Reproduce the records below exactly, but only between the lines holding "Y2K Hole Star" and "Twilight Garden Swing", inclusive.

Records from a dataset
++++

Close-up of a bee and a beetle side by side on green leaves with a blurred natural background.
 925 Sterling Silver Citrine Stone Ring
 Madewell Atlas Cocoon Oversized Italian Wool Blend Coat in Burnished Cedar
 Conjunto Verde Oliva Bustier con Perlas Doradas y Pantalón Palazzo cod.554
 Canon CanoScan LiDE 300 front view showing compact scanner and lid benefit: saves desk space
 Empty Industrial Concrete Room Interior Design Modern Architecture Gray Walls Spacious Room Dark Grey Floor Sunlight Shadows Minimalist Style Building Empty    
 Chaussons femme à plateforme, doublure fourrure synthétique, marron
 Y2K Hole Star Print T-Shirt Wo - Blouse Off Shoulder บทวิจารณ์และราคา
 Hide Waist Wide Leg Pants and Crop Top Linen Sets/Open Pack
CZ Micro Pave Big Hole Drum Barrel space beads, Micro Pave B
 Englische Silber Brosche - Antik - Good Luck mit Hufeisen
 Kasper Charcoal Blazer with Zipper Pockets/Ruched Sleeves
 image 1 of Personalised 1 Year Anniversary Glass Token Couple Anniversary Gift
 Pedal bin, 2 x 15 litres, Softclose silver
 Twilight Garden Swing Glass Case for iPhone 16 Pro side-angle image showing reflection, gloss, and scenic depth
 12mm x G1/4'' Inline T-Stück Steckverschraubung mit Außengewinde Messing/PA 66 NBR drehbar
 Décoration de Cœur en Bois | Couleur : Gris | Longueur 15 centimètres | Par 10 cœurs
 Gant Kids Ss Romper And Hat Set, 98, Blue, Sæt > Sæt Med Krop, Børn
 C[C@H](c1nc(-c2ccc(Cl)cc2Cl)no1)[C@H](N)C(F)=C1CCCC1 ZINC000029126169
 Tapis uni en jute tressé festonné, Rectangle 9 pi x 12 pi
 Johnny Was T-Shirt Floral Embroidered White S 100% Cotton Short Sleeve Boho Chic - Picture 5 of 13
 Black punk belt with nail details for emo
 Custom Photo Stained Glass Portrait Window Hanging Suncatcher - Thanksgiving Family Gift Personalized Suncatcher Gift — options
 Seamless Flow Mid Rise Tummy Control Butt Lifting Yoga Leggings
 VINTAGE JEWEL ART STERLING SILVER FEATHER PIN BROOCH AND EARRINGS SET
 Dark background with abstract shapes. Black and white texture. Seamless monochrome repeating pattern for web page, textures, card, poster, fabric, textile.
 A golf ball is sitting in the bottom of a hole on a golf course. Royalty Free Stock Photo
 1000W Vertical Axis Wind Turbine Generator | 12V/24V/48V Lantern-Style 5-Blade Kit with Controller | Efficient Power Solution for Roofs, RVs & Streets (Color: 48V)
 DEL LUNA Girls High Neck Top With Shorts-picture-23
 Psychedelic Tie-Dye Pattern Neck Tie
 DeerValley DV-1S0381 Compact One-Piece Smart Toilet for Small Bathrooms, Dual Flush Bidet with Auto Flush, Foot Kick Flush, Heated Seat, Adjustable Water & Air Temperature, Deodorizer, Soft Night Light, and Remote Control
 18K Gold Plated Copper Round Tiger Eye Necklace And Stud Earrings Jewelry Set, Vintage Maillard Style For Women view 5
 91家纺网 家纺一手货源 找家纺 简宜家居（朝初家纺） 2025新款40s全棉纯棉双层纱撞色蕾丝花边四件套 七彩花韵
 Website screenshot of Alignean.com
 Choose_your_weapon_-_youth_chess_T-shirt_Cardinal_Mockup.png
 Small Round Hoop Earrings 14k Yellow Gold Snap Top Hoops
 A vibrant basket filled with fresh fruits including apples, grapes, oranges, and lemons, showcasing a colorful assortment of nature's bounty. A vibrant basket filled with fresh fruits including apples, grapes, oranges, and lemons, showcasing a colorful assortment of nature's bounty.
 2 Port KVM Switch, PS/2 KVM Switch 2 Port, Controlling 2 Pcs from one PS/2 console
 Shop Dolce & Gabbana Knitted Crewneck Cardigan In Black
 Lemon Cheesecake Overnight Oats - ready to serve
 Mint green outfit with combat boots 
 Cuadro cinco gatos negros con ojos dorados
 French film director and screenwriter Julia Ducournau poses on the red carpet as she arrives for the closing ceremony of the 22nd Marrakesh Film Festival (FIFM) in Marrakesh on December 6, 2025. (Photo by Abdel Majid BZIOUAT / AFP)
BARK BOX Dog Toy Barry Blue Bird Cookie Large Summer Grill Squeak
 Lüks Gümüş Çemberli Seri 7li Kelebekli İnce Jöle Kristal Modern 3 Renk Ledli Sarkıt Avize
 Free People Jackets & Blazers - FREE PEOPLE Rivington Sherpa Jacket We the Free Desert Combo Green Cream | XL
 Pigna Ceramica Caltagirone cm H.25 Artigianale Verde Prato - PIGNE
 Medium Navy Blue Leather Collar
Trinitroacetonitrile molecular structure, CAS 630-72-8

++++

Exercise solution:
 Y2K Hole Star Print T-Shirt Wo - Blouse Off Shoulder บทวิจารณ์และราคา
 Hide Waist Wide Leg Pants and Crop Top Linen Sets/Open Pack
CZ Micro Pave Big Hole Drum Barrel space beads, Micro Pave B
 Englische Silber Brosche - Antik - Good Luck mit Hufeisen
 Kasper Charcoal Blazer with Zipper Pockets/Ruched Sleeves
 image 1 of Personalised 1 Year Anniversary Glass Token Couple Anniversary Gift
 Pedal bin, 2 x 15 litres, Softclose silver
 Twilight Garden Swing Glass Case for iPhone 16 Pro side-angle image showing reflection, gloss, and scenic depth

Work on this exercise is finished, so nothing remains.